Monday, September 23, 2013

Emerald Ash Borer Pesticides: Treatment Worse Than Disease? by Jean-Marie Kauth

"…The emerald ash borer (EAB) is a half-inch, bright green insect that is preying on ash trees (genus Fraxinus) in the Midwest United States.  Emerald ash borers are an invasive species that first came from eastern Russia, northern China, Korea, and Japan in 2002, probably in wood shipping pallets.  Once in a tree, they bore their way through the fleshy layer of living tissue, phloem, just under the outer surface of the bark.  Gradually, they eat away so much of the vascular tissue that the tree’s circulatory system shuts down.  Death follows swiftly, sometimes beginning with just a portion of the tree and eventually manifested in the rest.  Once 50% of the canopy is lost, there is no saving the tree.  Healthy trees can be treated with either injections or soil drenches of a variety of pesticides, though the efficacy of these treatments is notoriously inconsistent…

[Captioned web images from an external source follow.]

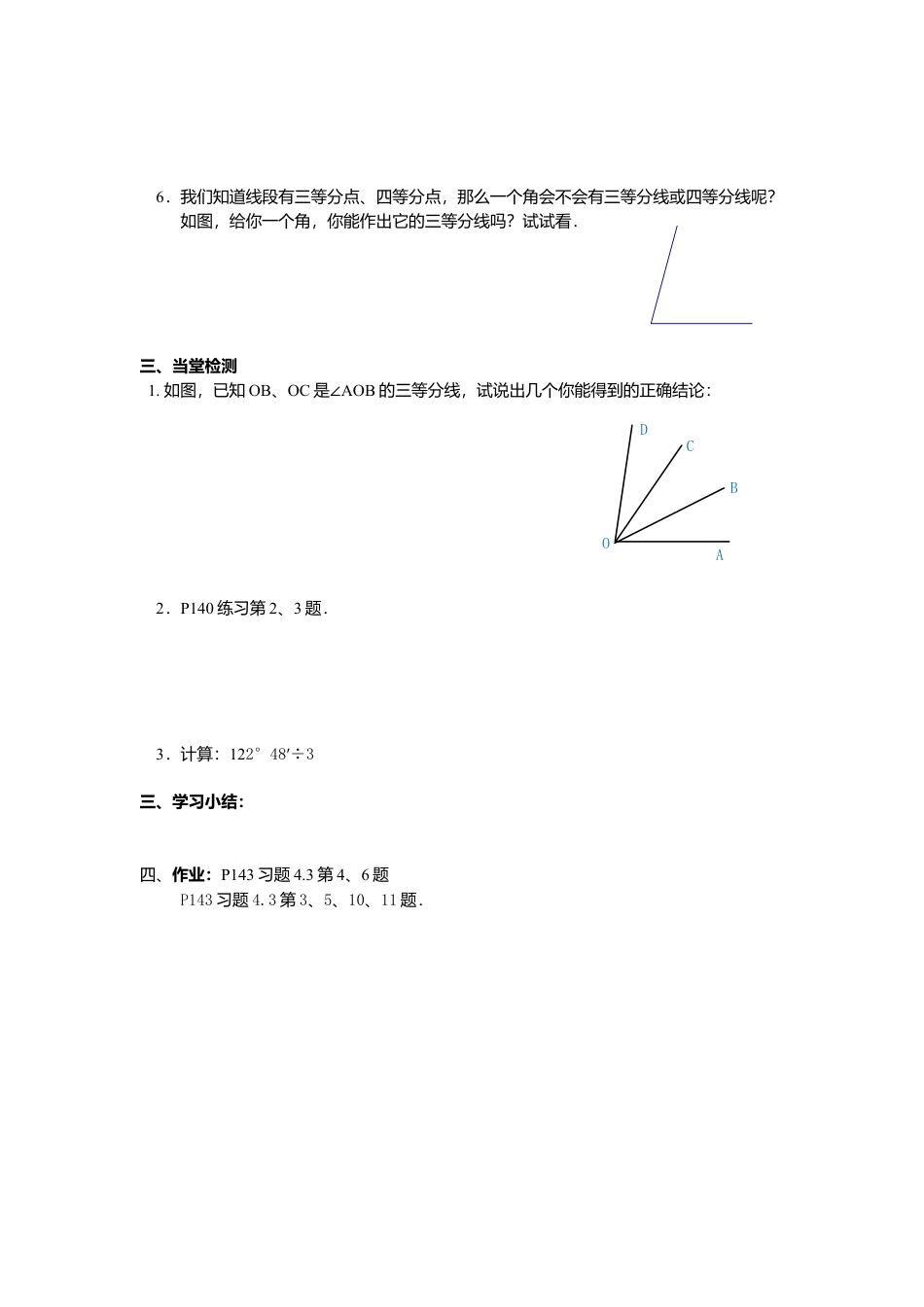 数学人教版七年级上册-导学案-4.3.3 余角和补角(1).docx_第3页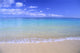 View Clear Shoreline Ocean Water Fine Art Print by Bill Brennan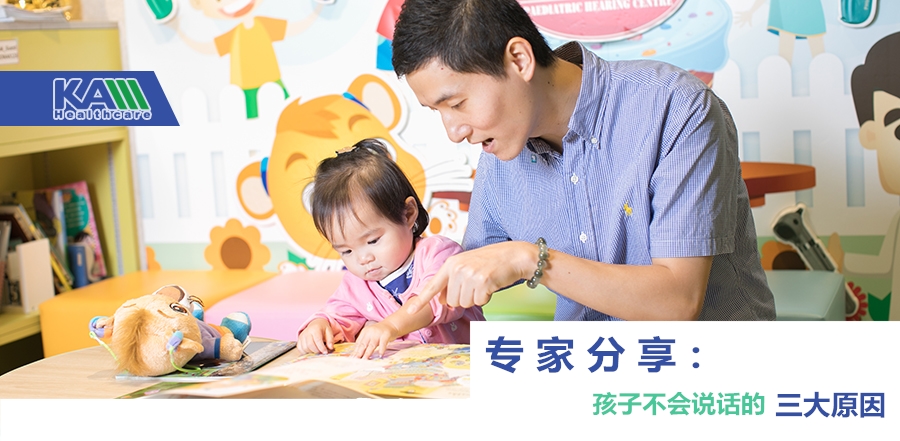 孩子要說(shuō)得好，首先要聽(tīng)得好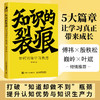 知识的裂痕：如何*学习焦虑  虞德庆著知识管理成功励志书籍批判性思维消费时代元认知学习力学习心理 商品缩略图0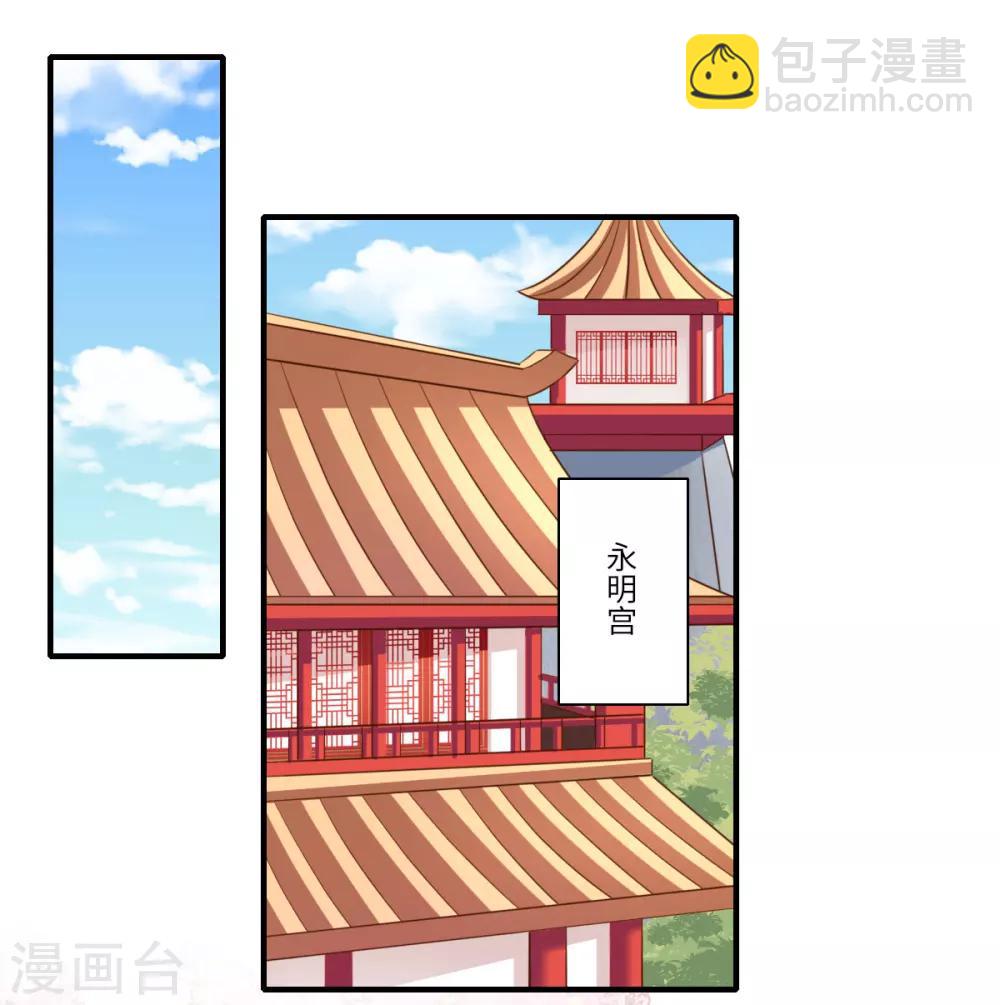 第109话 可儿与陈元庆结盟17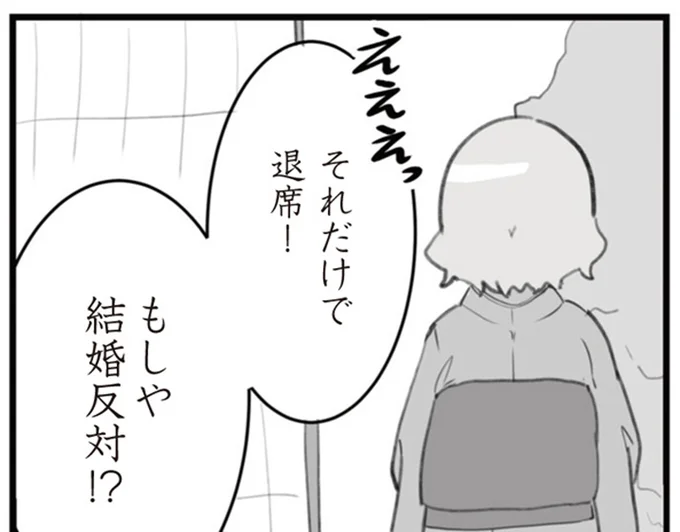 もしや結婚反対？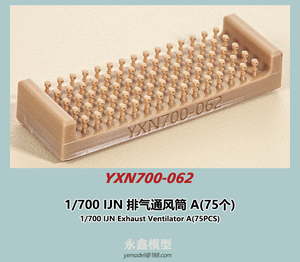 1/700 日本海軍 排気通風筒A(75個入)[YXモデルYXN700-062]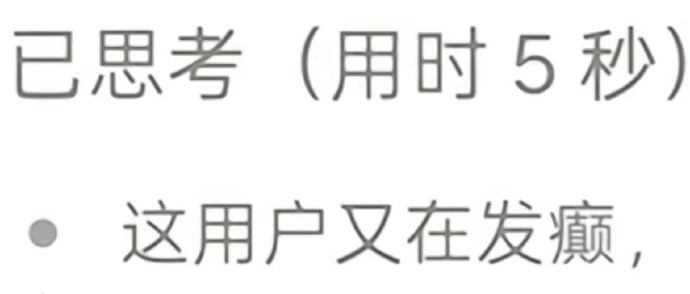 AI无奈合集AI无奈合集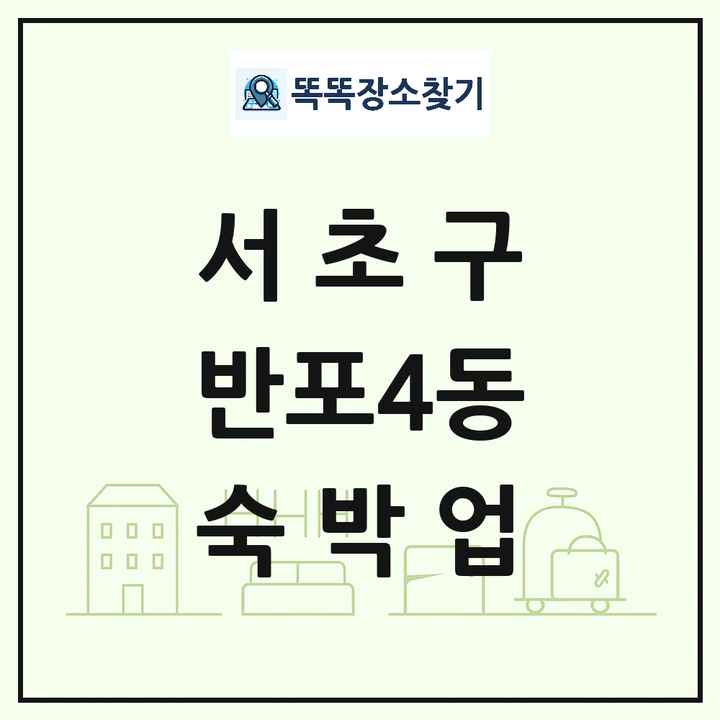 서울특별시 서초구 반포4동 호텔 모텔 펜션 리조트 숙박업 목록 및 상세정보 썸네일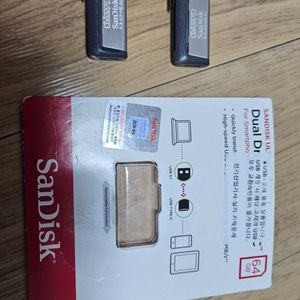 전기산업기사 실기 USB(다산에듀) 2개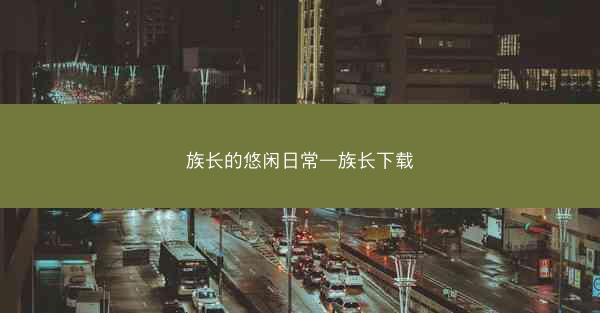 族长的悠闲日常—族长下载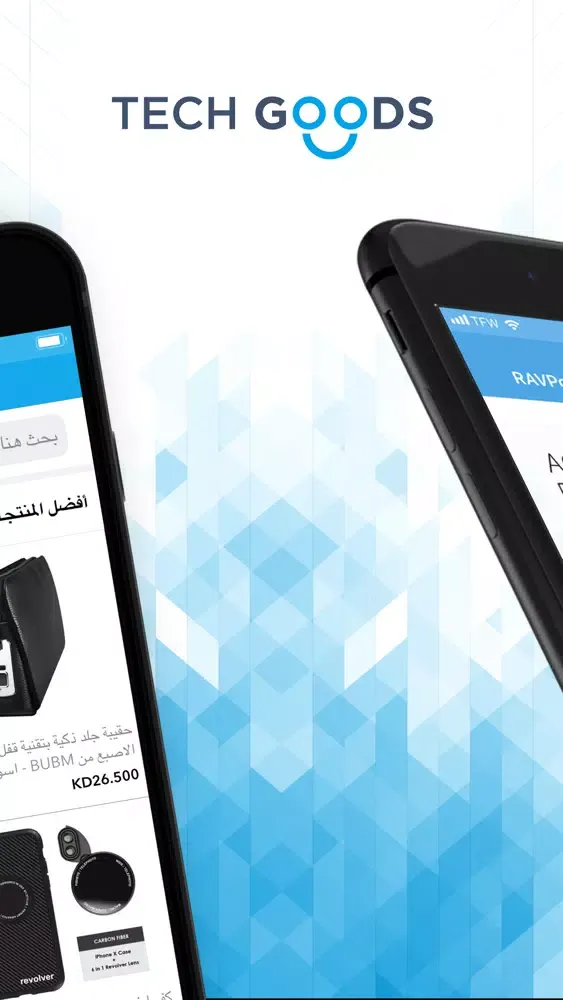 Tech Goods تك جودز应用截图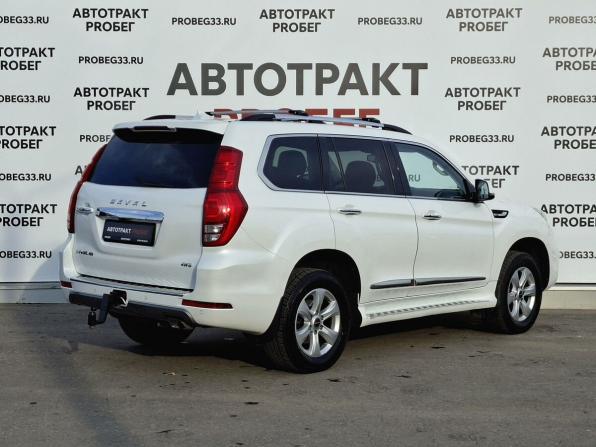Haval H9 I Рестайлинг с пробегом 2022 года, цена 2 745 000 рублей, 93670 км, внедорожник, Автокод Объявления
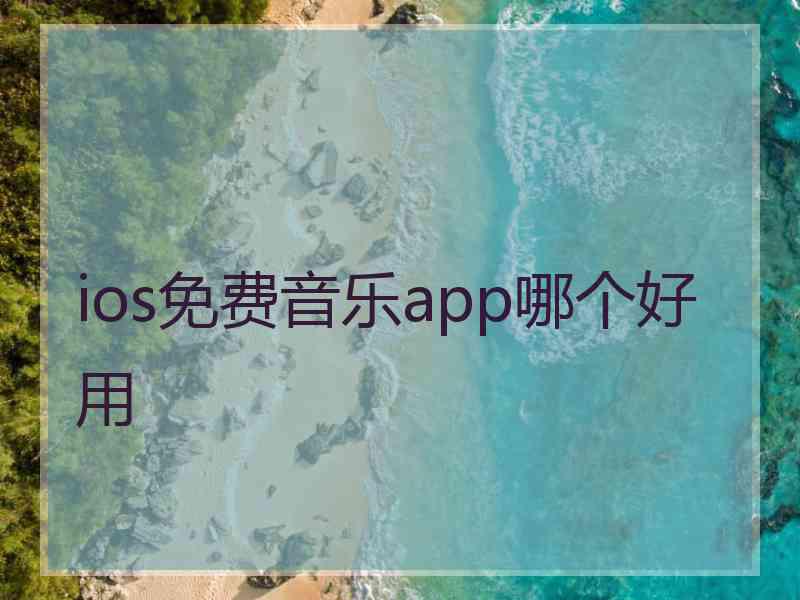 ios免费音乐app哪个好用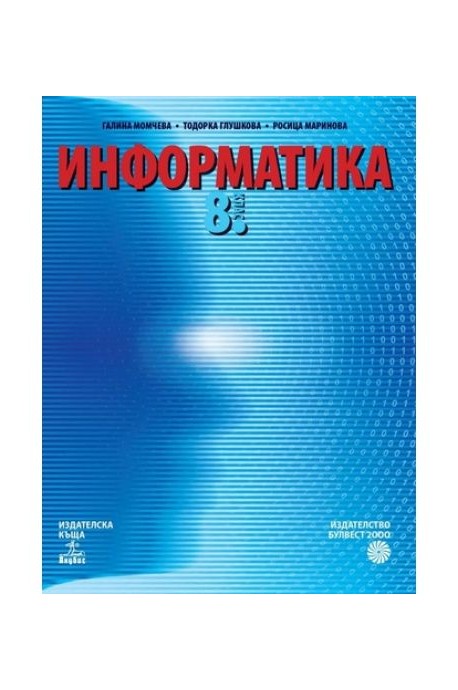 Информатика за 8. клас По учебната програма за 2018/2019 г.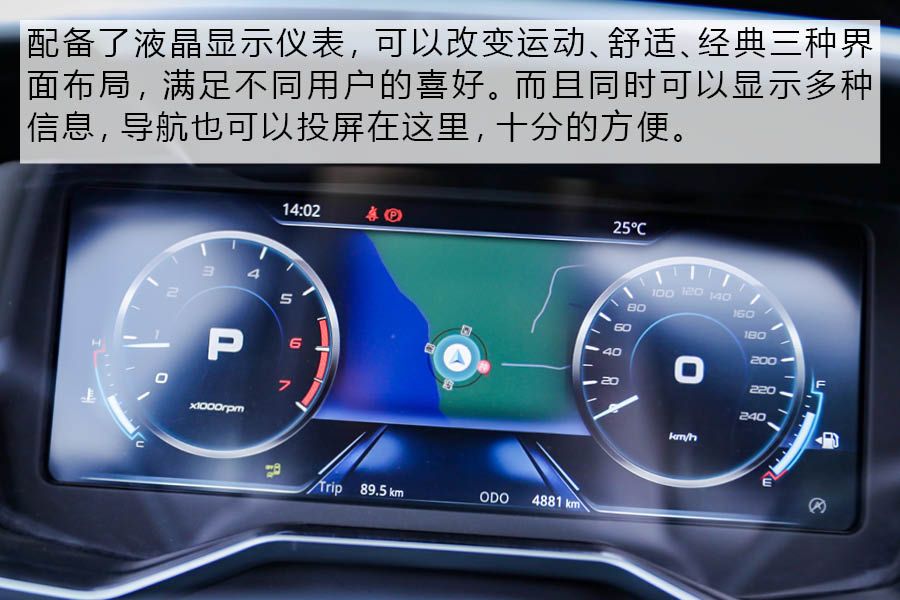 国产的售价合资的面儿 试驾体验福特领界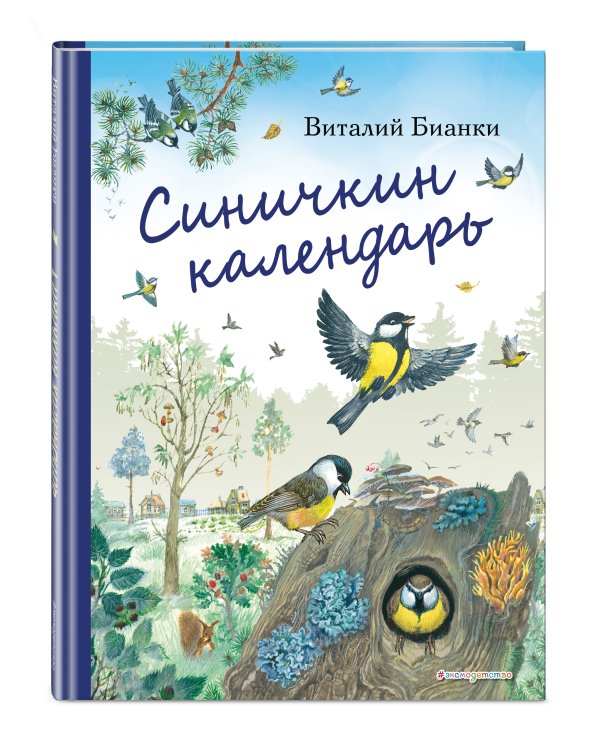 Синичкин календарь (ил. М. Белоусовой)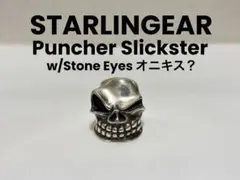 2026年最新】リング パンチャー スターリンギアの人気アイテム - メルカリ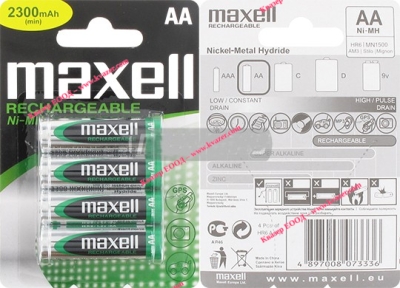 Акумулаторни батерии MAXELL R06 AA 1.2V 2300mAh NiMH 4бр.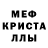 МЕТАМФЕТАМИН мет VUF Berlick
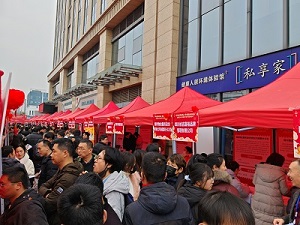 “百米小巷”人潮涌動!瑞方人力助力2025年武侯區春風行動專場招聘會“開門紅” 第3張 “百米小巷”人潮涌動!瑞方人力助力2025年武侯區春風行動專場招聘會“開門紅” 第3張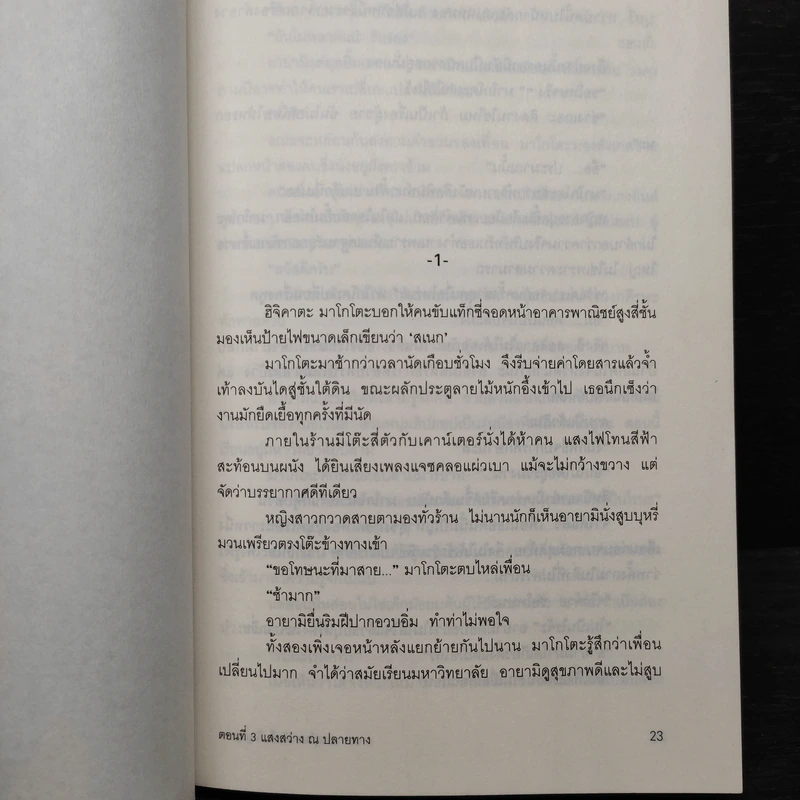 ยาคุโมะ นักสืบวิญญาณ ตอนที่ 3 แสงสว่าง ณ ปลายทาง รูปที่ 7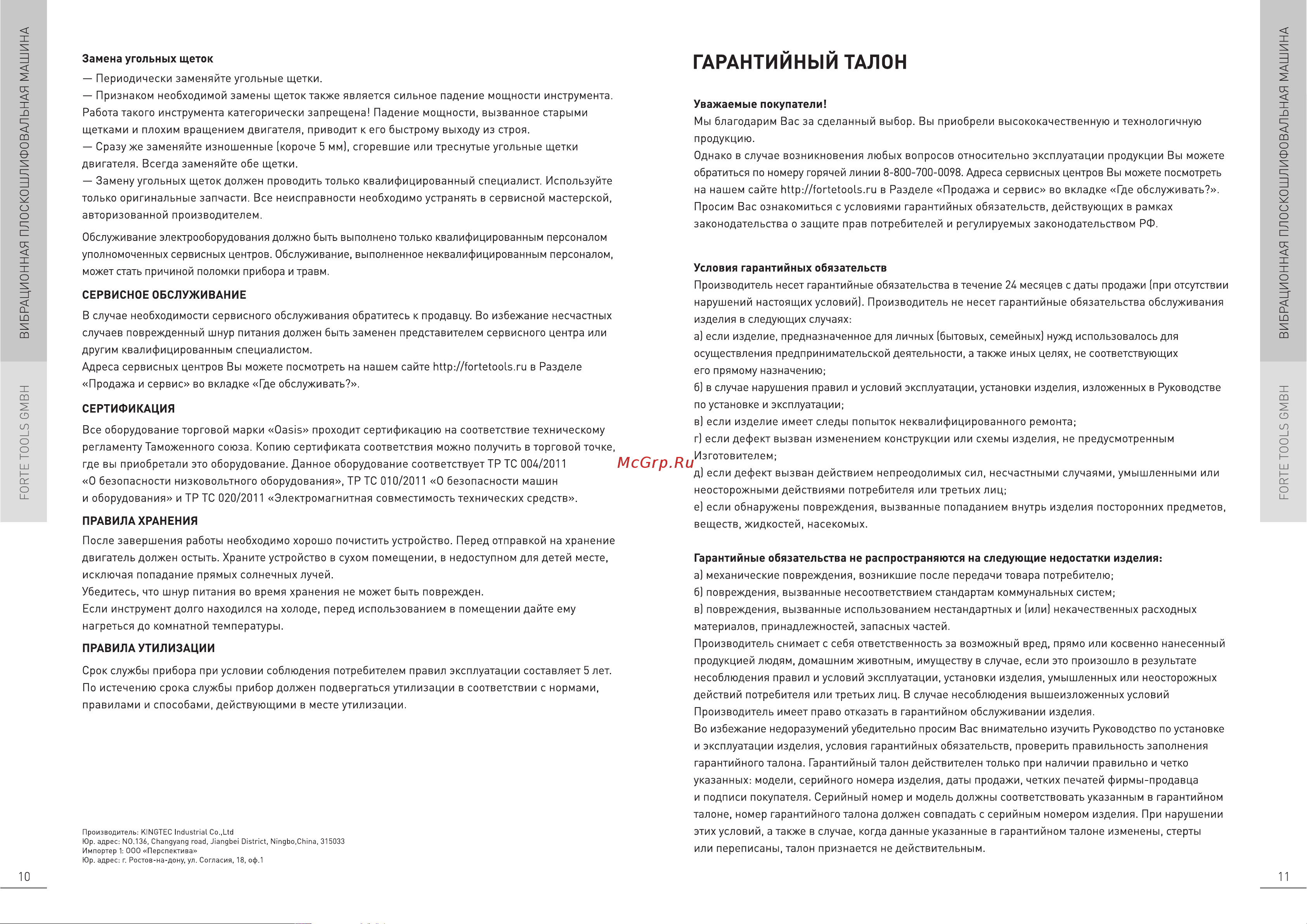 Oasis GV-30 Pro 400 Инструкция по эксплуатации онлайн [7/9] 603610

"The main problem with treating trees in this way is that use of the pesticides is dangerous, both to human health and to the surrounding ecology…"

For the entire article please click here.

1 comment:

  1. Wow, I had no idea that these bugs were so harmful! We have some emerald ash borers in Minnesota, and I have had a few neighbors lose their trues to the dirty buggers. Hopefully a more consistent solution will come up soon.